Posted: Mon Jul 21, 2008 4:25 pm
by SCIN
Lexington is the best climbing town. Don't believe every article you read.
Posted: Mon Jul 21, 2008 4:45 pm
by KD
How 'bout good ol' Cincy?!
Posted: Mon Jul 21, 2008 5:03 pm
by pigsteak
Lexington IS a grand place to live and climb.
Only two drawbacks to Lexington. humidity and lack of bouldering.
I've lived in Colorado for two years, and it is way over hyped. Sport climbing, even at rifle, is average.
I lived in Bozeman, and it is even worse.
Chattanooga and Lexington should make any list.
Posted: Mon Jul 21, 2008 6:49 pm
by Myke Dronez
Hey, Lexington is close enough to the Red to allow climbing for even simple folks like myself. If I needed a Phd to afford my whitey pastime I would probably be shooting roadsigns and roasting smores on tire fires.
I don't know if its the best place but it sure does make it hard to want to leave.
Posted: Mon Jul 21, 2008 7:10 pm
by Danny
KD wrote:Bend Ore.
I ain't gonna, you Bend Ore.
Posted: Mon Jul 21, 2008 9:38 pm
by p0bray01
Morgantown, Elkins, and Beckley...WV's finest climbing towns
Posted: Tue Jul 22, 2008 12:43 am
by anticlmber
salina, ks. right next to the only climbing for 568 miles.
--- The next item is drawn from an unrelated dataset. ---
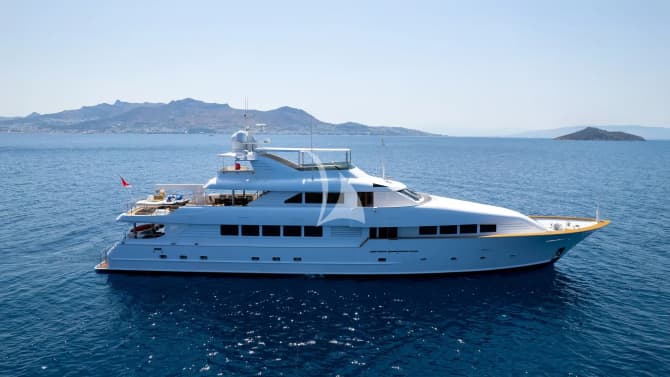 133ft Broward yacht MERVE — exterior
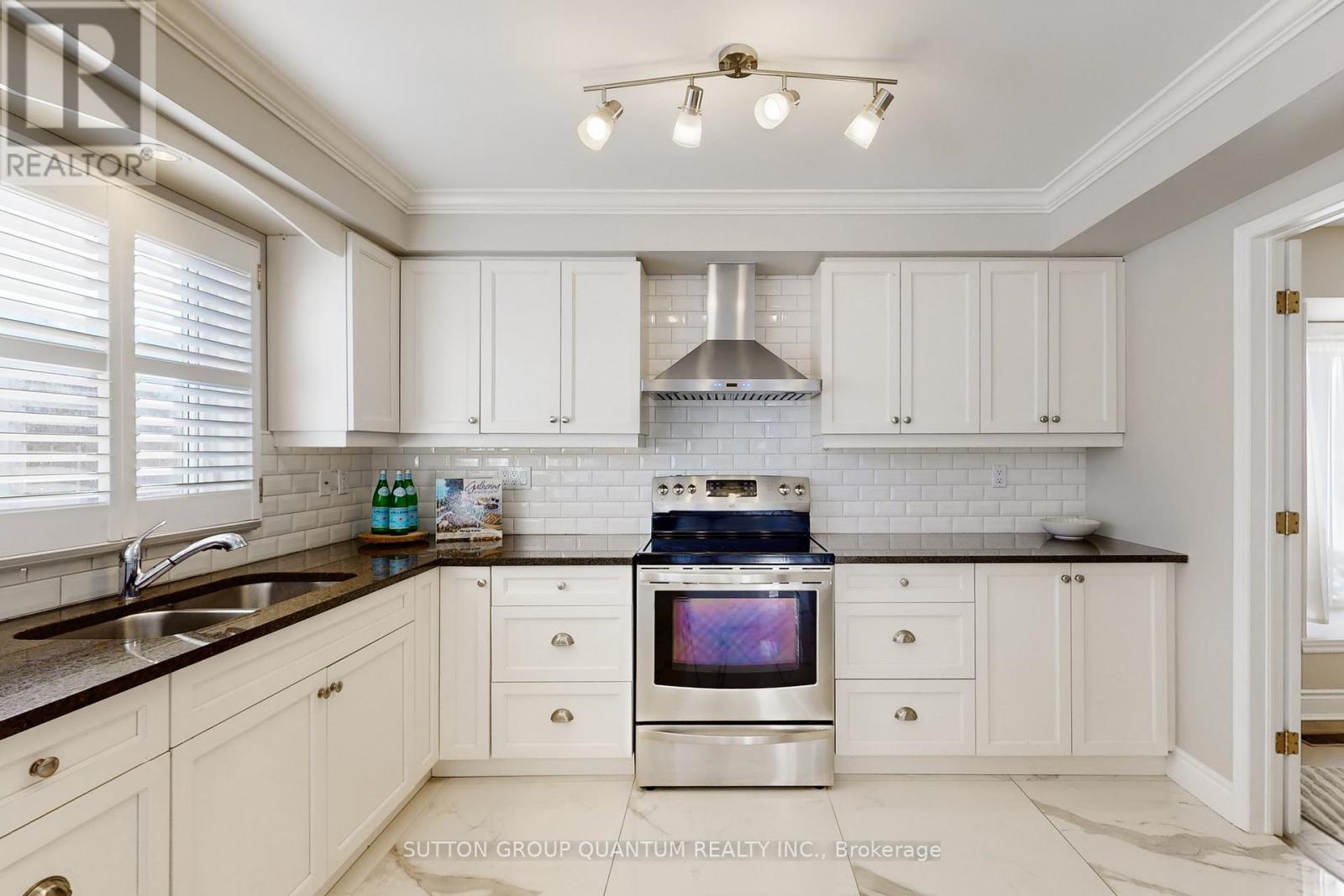 314 Leacock Avenue, Oakville, Ontario  L6H 5J1 - Photo 10 - W12756378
Posted: Tue Jul 22, 2008 10:15 am
by Ascentionist
Having lived or worked in a few cities myself (Nashville TN, Dayton OH, Lexington, Richmond and now Denver), I think Lexington has potential to be a good place to live, but pales in comparison to the other places. Lexington is trying, but is still way behind much of the rest of the country in getting its priorities straight.
And I just don't see how Colorado is over-hyped. There is a grand variety of climbing types on all kinds of different rock, at different angles in different environments. You can be to Vedauwoo from Denver in less than two hours and you can access peaks all up and down the Rockies within six hours.
The RRG is sandstone pockets or so-so cracks over rhododendron with limited views at the tops of climbs. Talk about over-hyped. The only reason RRG is as popular as it is is because buckeyes got tired of driving all the way to NRG to climb the same route over and over.
And don't get me wrong, I love the RRG and think it is an amazing place to live and recreate, but if Ohio had been closer to Boulder no one would have ever developed RRG. And when I say Ohio I mean anything north or west of Winchester.